The Holy Trinity of Wrocław (Trójca Święta ze Świerzawy or Tron Łaski ze Świerzawy) is a Bohemian panel painting dating from the period around 1350.

== History of the painting ==
The picture was discovered in 1898 in the loft of the Church of SS John the Baptist and Catherine of Alexandria in Świerzawa, Lower Silesia, and given to the diocesan museum in Wrocław. In 1904 it was restored in Berlin. After 1945 it was in the state art collection at the Wawel in Kraków, then in 1964 it was transferred to the then Wrocław Silesian Regional Museum. It is now in the collection of the National Museum in Wrocław.

== Description and context ==
The picture is painted in tempera on an oak panel covered with stretched canvas. A drawing is etched into the chalk base and its contours outlined in black. The picture is characterised by a symmetrical composition, simplified perspective-based projection and precise drawing.

The panel in all likelihood formed part of a diptych along with the Death of the Virgin Mary of Košátky by the same artist.
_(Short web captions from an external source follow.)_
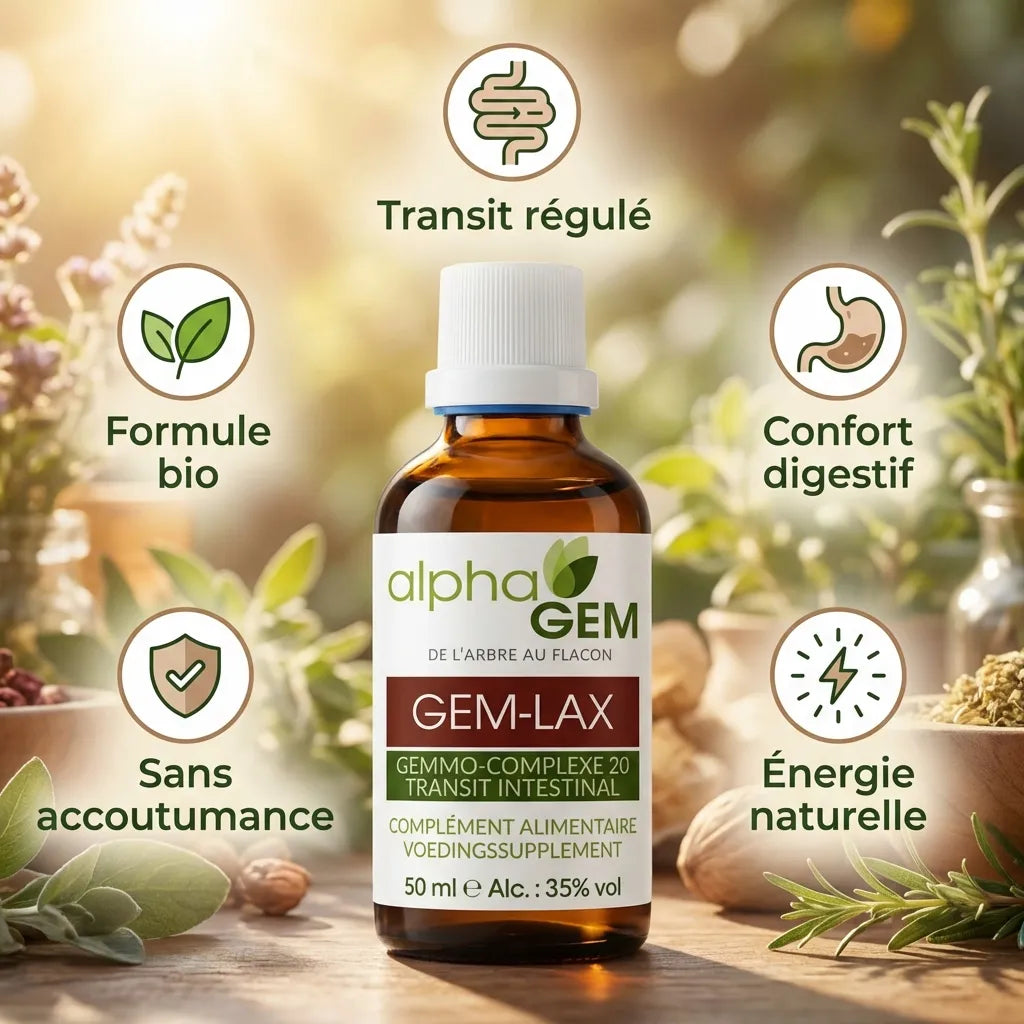 Gem-Lax 20 Bio 50ml Alphagem - Complément digestif bio avec bénéfices transit et confort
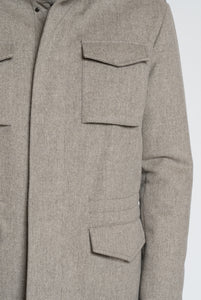 Field Jacket in Tessuto Loro Piana Beige Grigio Chiaro Melange - Realizzabile Anche Su Misura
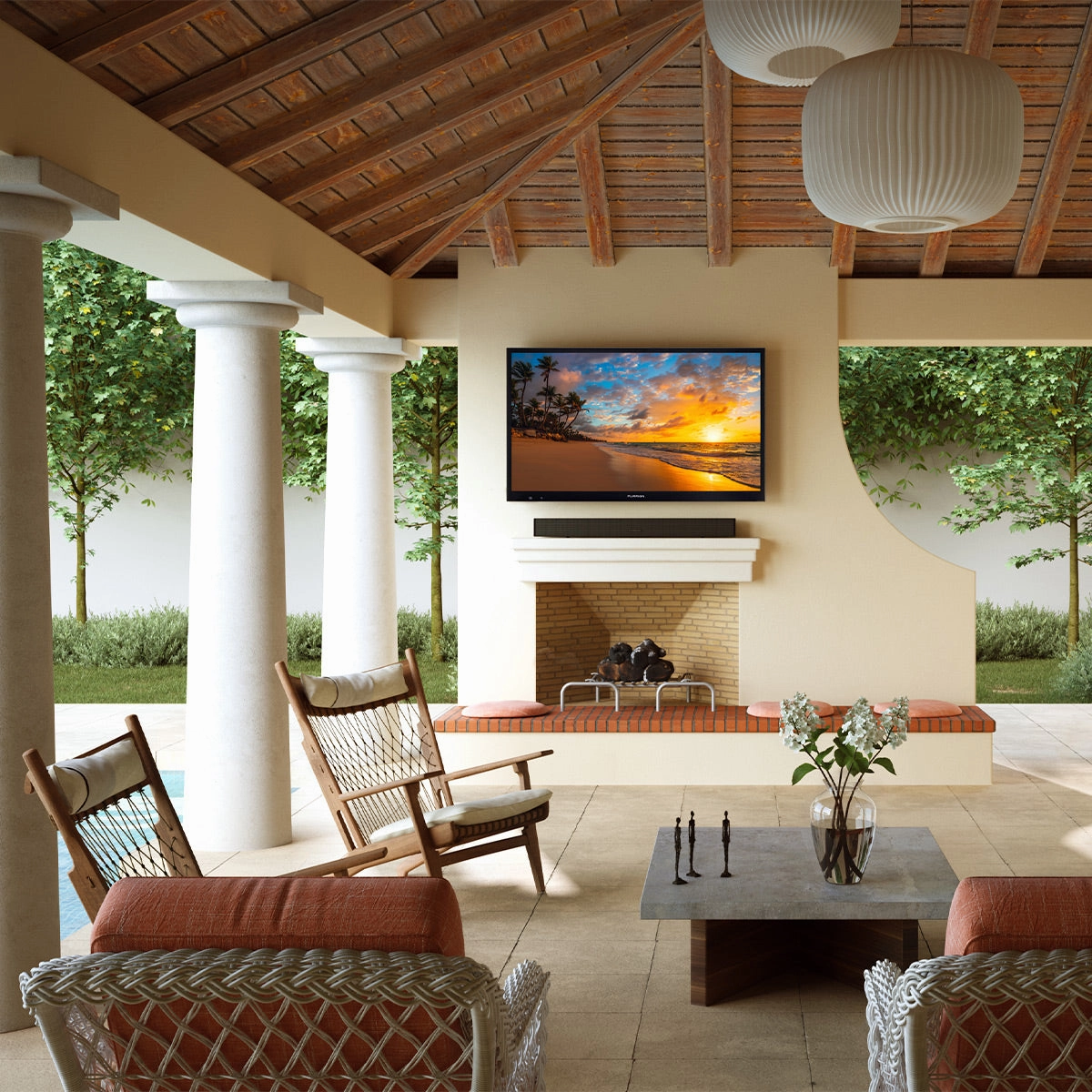 Furrion Aurora 75" Partial Sun Smart 4K Ultra-High Definition LED Outdoor TV with Weatherproof Protection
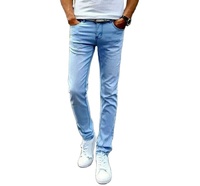 Latest Fashion Men's Denim Jeans Pant Classic Washed Mid Weight Breathable Eco-Friendly Straight Wholesale OEM Best Selling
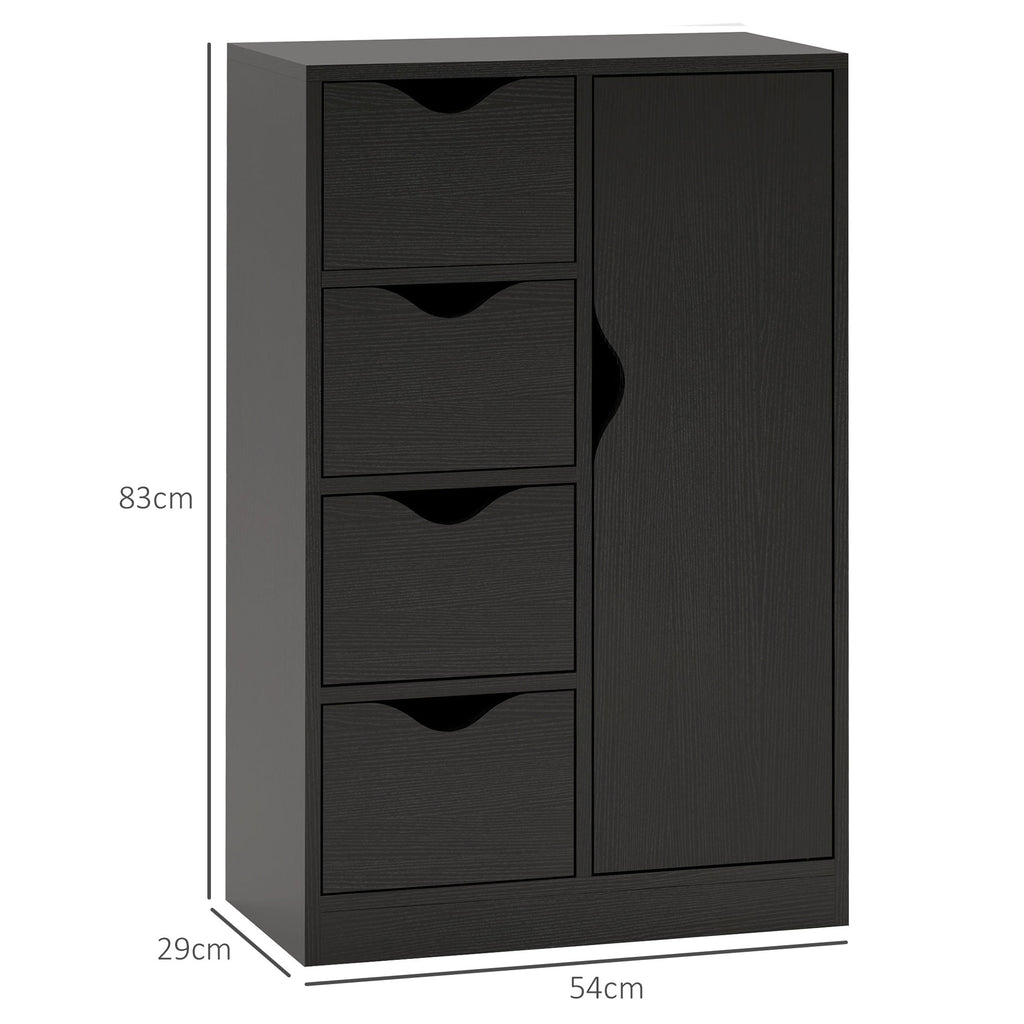Meuble de rangement buffet commode 1 placard et 4 tiroirs, en bois, pour salon, cuisine, entrée, salle à manger, noir
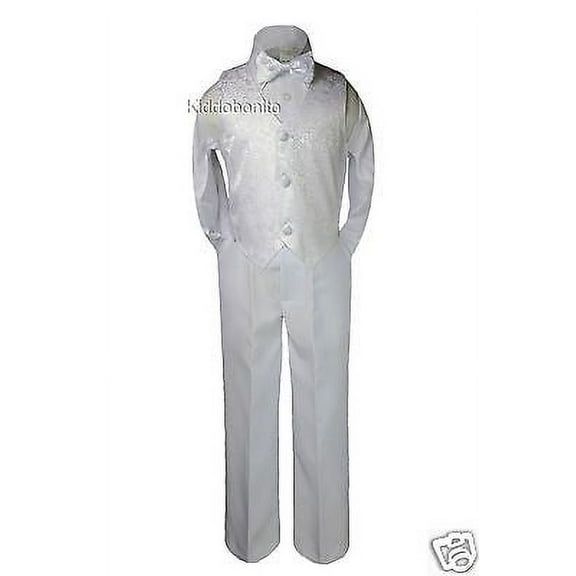4pc Boy Baby Toddler Teen Easter Formal Christening Vest Set Suits White sz S-20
It belongs to the circle of the workshop of the Master of the Vyšší Brod Altarpiece. Its Bohemian origin is demonstrated by a number of features in the drawing details that correspond with other works. These include the similarity of the throne, ornaments and cushion with the Madonna of Kłodzko and the similarity of the composition, figural types, modelling and painting technique with the Death of the Virgin Mary of Košátky.